MappingPoliceViolence has also been cited by data analysis site FiveThirtyEight.com in a piece titled “The Government Finally Has A Realistic Estimate Of Killings By Police.” A June 2020 fact-check from PolitiFact.com asserted:

The Centers for Disease Control and Prevention and FBI keep tabs on deaths resulting from interactions with police, but both sources provide incomplete data that takes years to record.

More reliable data comes from the Washington Post and projects such as Mapping Police Violence and Fatal Encounters.

A subsequent section detailed why MappingPoliceViolence.org’s statistics didn’t always match other databases:

As of June 3 [2020], Mapping Police Violence had counted 28 unarmed blacks and 51 unarmed whites who died at the hands of police in 2019.

Those numbers are higher than the Washington Post’s in part because Mapping Police Violence tracks police killings more broadly and includes officers who are off duty.

In 2019, among those who were unarmed when they encountered police, there were five black people and 12 white people who died from tasers, beatings or other uses of force by police, according to Mapping Police Violence’s data. Off-duty officers killed four unarmed blacks and five unarmed whites. Those deaths won’t show up in the Washington Post data.

[…]

Another reason Mapping Police Violence counted more unarmed people killed by police is that it considered victims in possession of toy guns, BB guns, airsoft guns or rocks to be unarmed. The Washington Post’s database doesn’t include those people in its unarmed tallies.

In 2019, at least eight black people and 16 white people were killed by police while in possession of a toy weapon or something similar, according to Mapping Police Violence.

MappingPoliceViolence.com was also cited in the first sentence for Wikipedia’s “Police use of deadly force in the United States” entry.
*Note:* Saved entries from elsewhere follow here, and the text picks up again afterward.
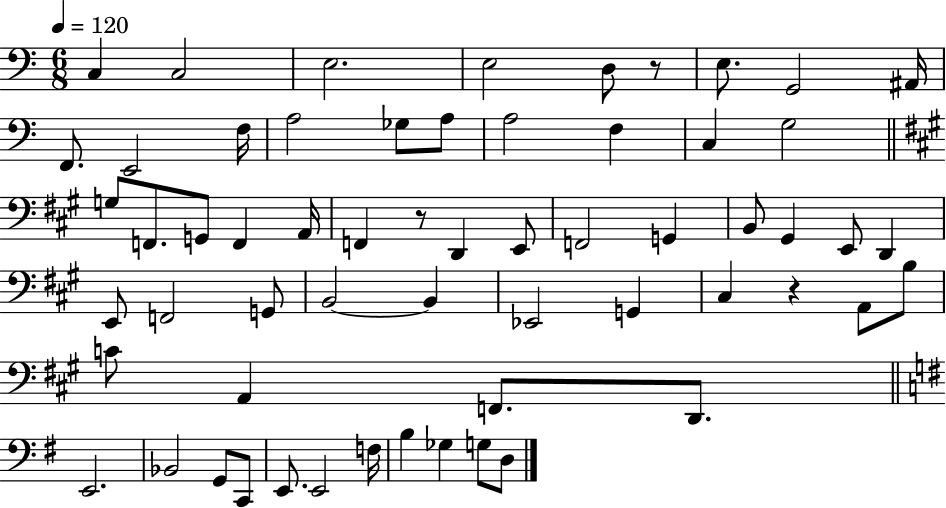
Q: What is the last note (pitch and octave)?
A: D3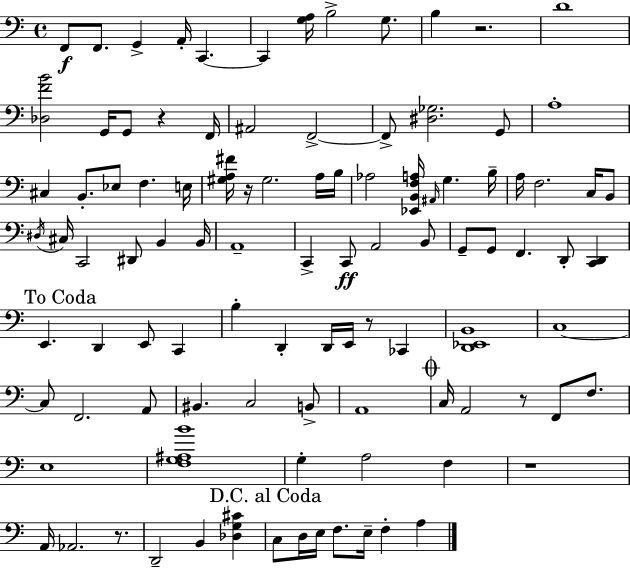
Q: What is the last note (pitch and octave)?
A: A3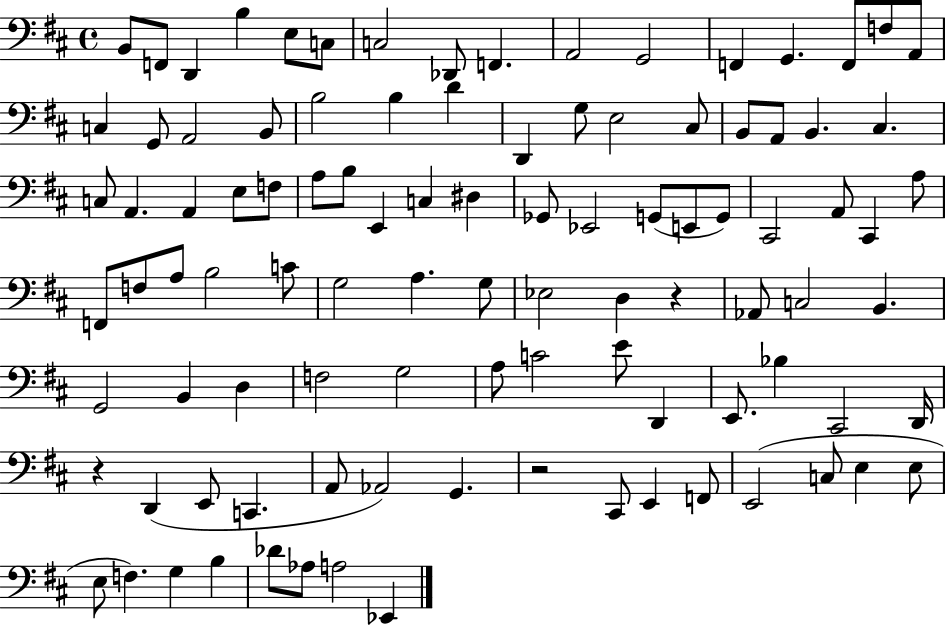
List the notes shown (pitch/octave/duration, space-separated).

B2/e F2/e D2/q B3/q E3/e C3/e C3/h Db2/e F2/q. A2/h G2/h F2/q G2/q. F2/e F3/e A2/e C3/q G2/e A2/h B2/e B3/h B3/q D4/q D2/q G3/e E3/h C#3/e B2/e A2/e B2/q. C#3/q. C3/e A2/q. A2/q E3/e F3/e A3/e B3/e E2/q C3/q D#3/q Gb2/e Eb2/h G2/e E2/e G2/e C#2/h A2/e C#2/q A3/e F2/e F3/e A3/e B3/h C4/e G3/h A3/q. G3/e Eb3/h D3/q R/q Ab2/e C3/h B2/q. G2/h B2/q D3/q F3/h G3/h A3/e C4/h E4/e D2/q E2/e. Bb3/q C#2/h D2/s R/q D2/q E2/e C2/q. A2/e Ab2/h G2/q. R/h C#2/e E2/q F2/e E2/h C3/e E3/q E3/e E3/e F3/q. G3/q B3/q Db4/e Ab3/e A3/h Eb2/q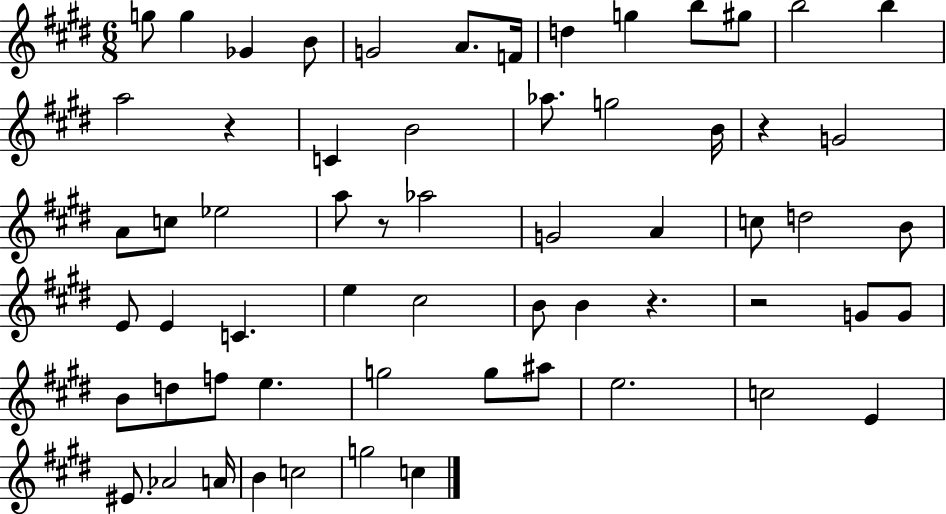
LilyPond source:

{
  \clef treble
  \numericTimeSignature
  \time 6/8
  \key e \major
  g''8 g''4 ges'4 b'8 | g'2 a'8. f'16 | d''4 g''4 b''8 gis''8 | b''2 b''4 | \break a''2 r4 | c'4 b'2 | aes''8. g''2 b'16 | r4 g'2 | \break a'8 c''8 ees''2 | a''8 r8 aes''2 | g'2 a'4 | c''8 d''2 b'8 | \break e'8 e'4 c'4. | e''4 cis''2 | b'8 b'4 r4. | r2 g'8 g'8 | \break b'8 d''8 f''8 e''4. | g''2 g''8 ais''8 | e''2. | c''2 e'4 | \break eis'8. aes'2 a'16 | b'4 c''2 | g''2 c''4 | \bar "|."
}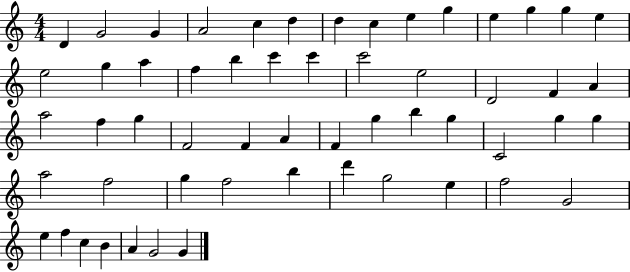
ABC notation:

X:1
T:Untitled
M:4/4
L:1/4
K:C
D G2 G A2 c d d c e g e g g e e2 g a f b c' c' c'2 e2 D2 F A a2 f g F2 F A F g b g C2 g g a2 f2 g f2 b d' g2 e f2 G2 e f c B A G2 G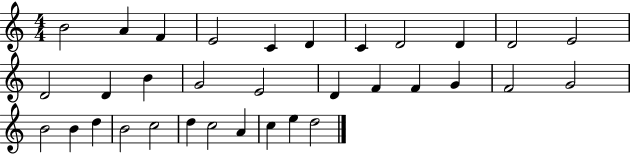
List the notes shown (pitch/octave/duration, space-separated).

B4/h A4/q F4/q E4/h C4/q D4/q C4/q D4/h D4/q D4/h E4/h D4/h D4/q B4/q G4/h E4/h D4/q F4/q F4/q G4/q F4/h G4/h B4/h B4/q D5/q B4/h C5/h D5/q C5/h A4/q C5/q E5/q D5/h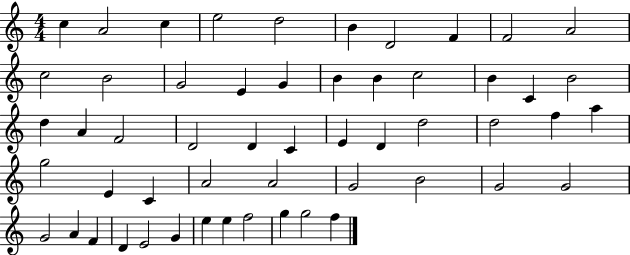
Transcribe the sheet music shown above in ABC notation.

X:1
T:Untitled
M:4/4
L:1/4
K:C
c A2 c e2 d2 B D2 F F2 A2 c2 B2 G2 E G B B c2 B C B2 d A F2 D2 D C E D d2 d2 f a g2 E C A2 A2 G2 B2 G2 G2 G2 A F D E2 G e e f2 g g2 f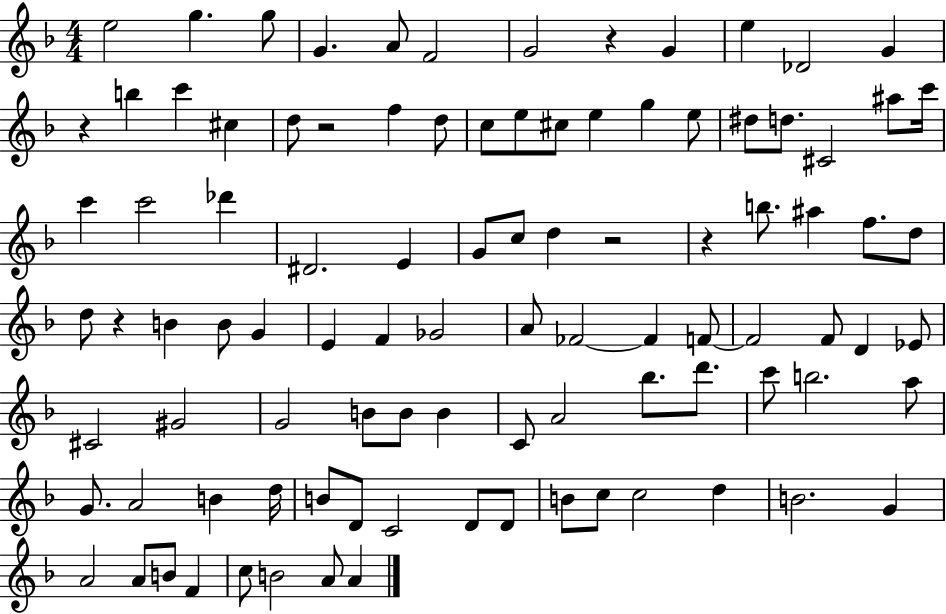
E5/h G5/q. G5/e G4/q. A4/e F4/h G4/h R/q G4/q E5/q Db4/h G4/q R/q B5/q C6/q C#5/q D5/e R/h F5/q D5/e C5/e E5/e C#5/e E5/q G5/q E5/e D#5/e D5/e. C#4/h A#5/e C6/s C6/q C6/h Db6/q D#4/h. E4/q G4/e C5/e D5/q R/h R/q B5/e. A#5/q F5/e. D5/e D5/e R/q B4/q B4/e G4/q E4/q F4/q Gb4/h A4/e FES4/h FES4/q F4/e F4/h F4/e D4/q Eb4/e C#4/h G#4/h G4/h B4/e B4/e B4/q C4/e A4/h Bb5/e. D6/e. C6/e B5/h. A5/e G4/e. A4/h B4/q D5/s B4/e D4/e C4/h D4/e D4/e B4/e C5/e C5/h D5/q B4/h. G4/q A4/h A4/e B4/e F4/q C5/e B4/h A4/e A4/q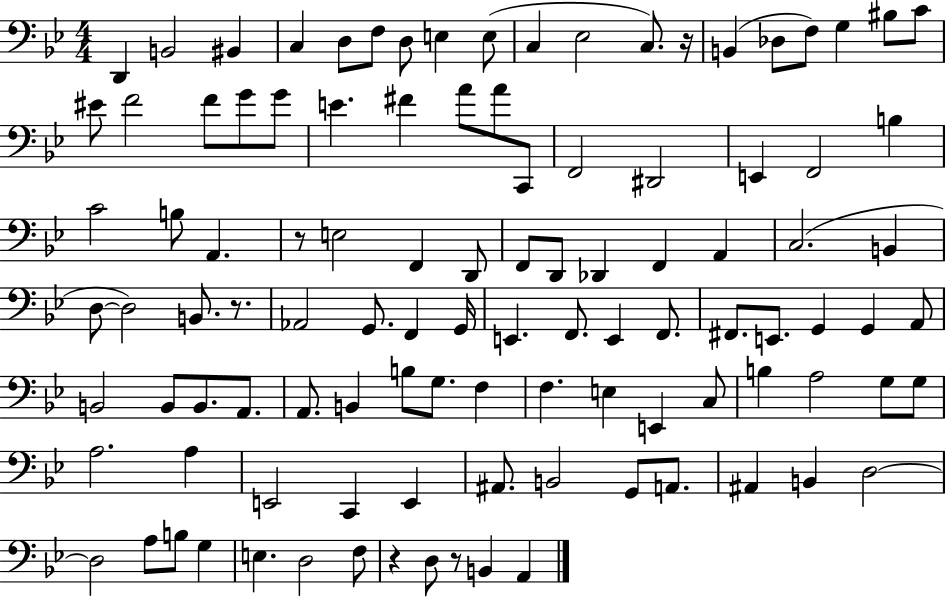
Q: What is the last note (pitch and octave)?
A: A2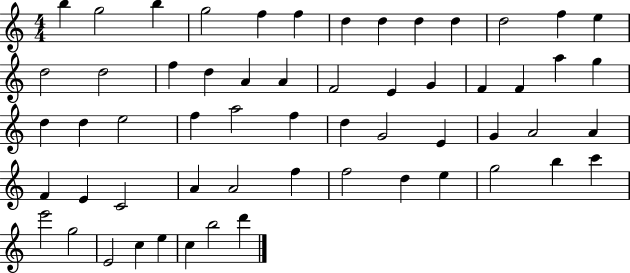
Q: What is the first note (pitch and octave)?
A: B5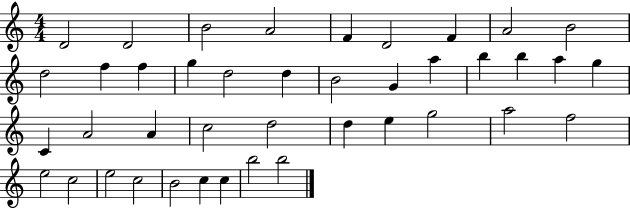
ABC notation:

X:1
T:Untitled
M:4/4
L:1/4
K:C
D2 D2 B2 A2 F D2 F A2 B2 d2 f f g d2 d B2 G a b b a g C A2 A c2 d2 d e g2 a2 f2 e2 c2 e2 c2 B2 c c b2 b2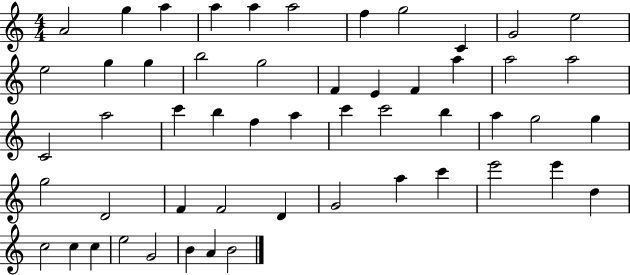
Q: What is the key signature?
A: C major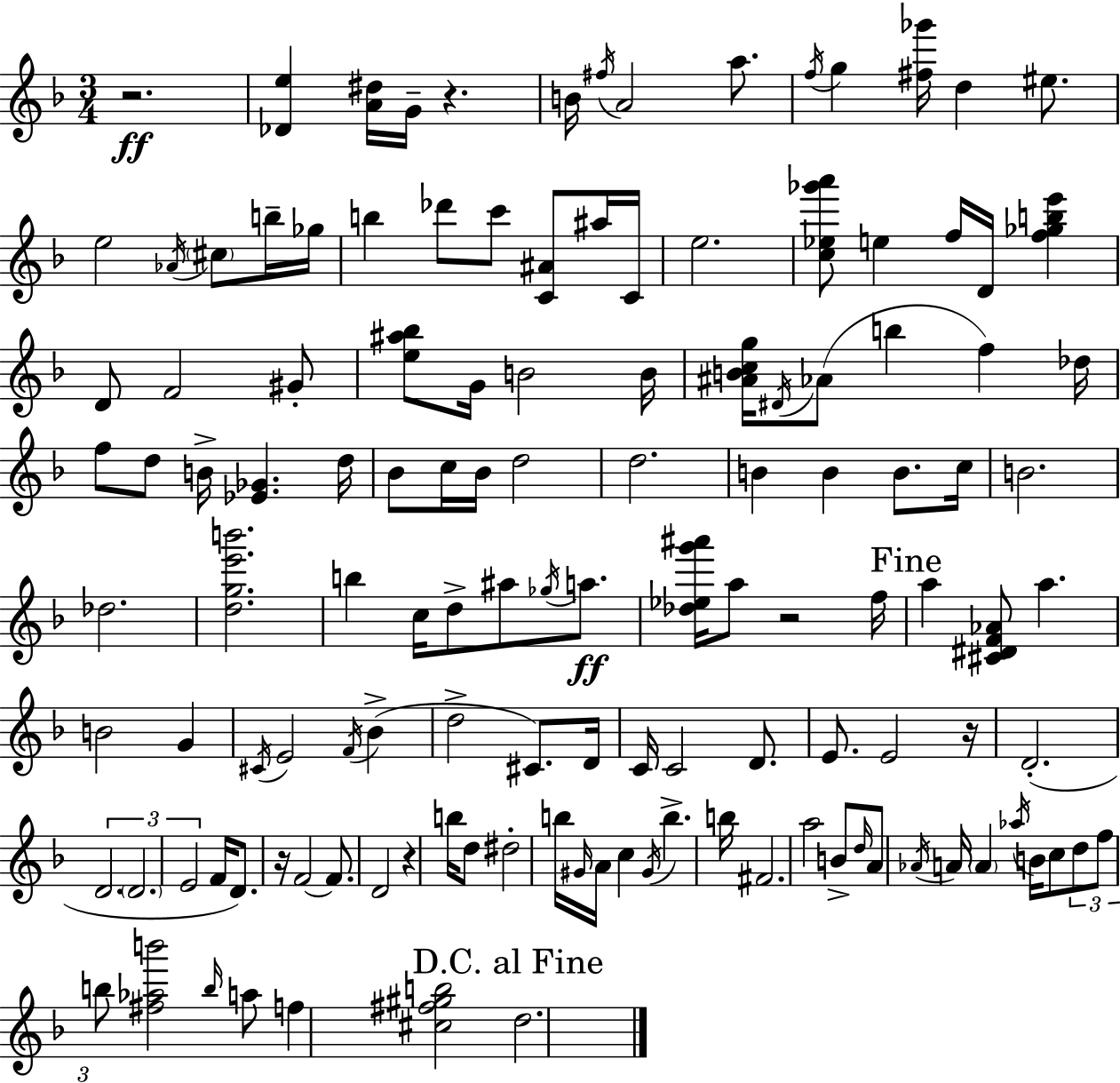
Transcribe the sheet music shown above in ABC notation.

X:1
T:Untitled
M:3/4
L:1/4
K:Dm
z2 [_De] [A^d]/4 G/4 z B/4 ^f/4 A2 a/2 f/4 g [^f_g']/4 d ^e/2 e2 _A/4 ^c/2 b/4 _g/4 b _d'/2 c'/2 [C^A]/2 ^a/4 C/4 e2 [c_e_g'a']/2 e f/4 D/4 [f_gbe'] D/2 F2 ^G/2 [e^a_b]/2 G/4 B2 B/4 [^ABcg]/4 ^D/4 _A/2 b f _d/4 f/2 d/2 B/4 [_E_G] d/4 _B/2 c/4 _B/4 d2 d2 B B B/2 c/4 B2 _d2 [dge'b']2 b c/4 d/2 ^a/2 _g/4 a/2 [_d_eg'^a']/4 a/2 z2 f/4 a [^C^DF_A]/2 a B2 G ^C/4 E2 F/4 _B d2 ^C/2 D/4 C/4 C2 D/2 E/2 E2 z/4 D2 D2 D2 E2 F/4 D/2 z/4 F2 F/2 D2 z b/4 d/2 ^d2 b/4 ^G/4 A/4 c ^G/4 b b/4 ^F2 a2 B/2 d/4 A/2 _A/4 A/4 A _a/4 B/4 c/2 d/2 f/2 b/2 [^f_ab']2 b/4 a/2 f [^c^f^gb]2 d2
Ultimately, the site has been cited by at least three peer-reviewed journal articles or papers. Fact-checkers also use their data while determining the veracity of claims about officer-involved deaths, and frequently, MappingPoliceViolence.org was described as more comprehensive due to their inclusion of broad circumstances, such as off-duty killings.

The Imgur post and original @LAPDParody tweet (often dismissed as solely satire) claimed that “in 2020 there were 18 days when police officers didn’t kill anyone at all.” That claim was derived from MappingPoliceViolence.org, a data source used in the course of serious inquiry and academic research.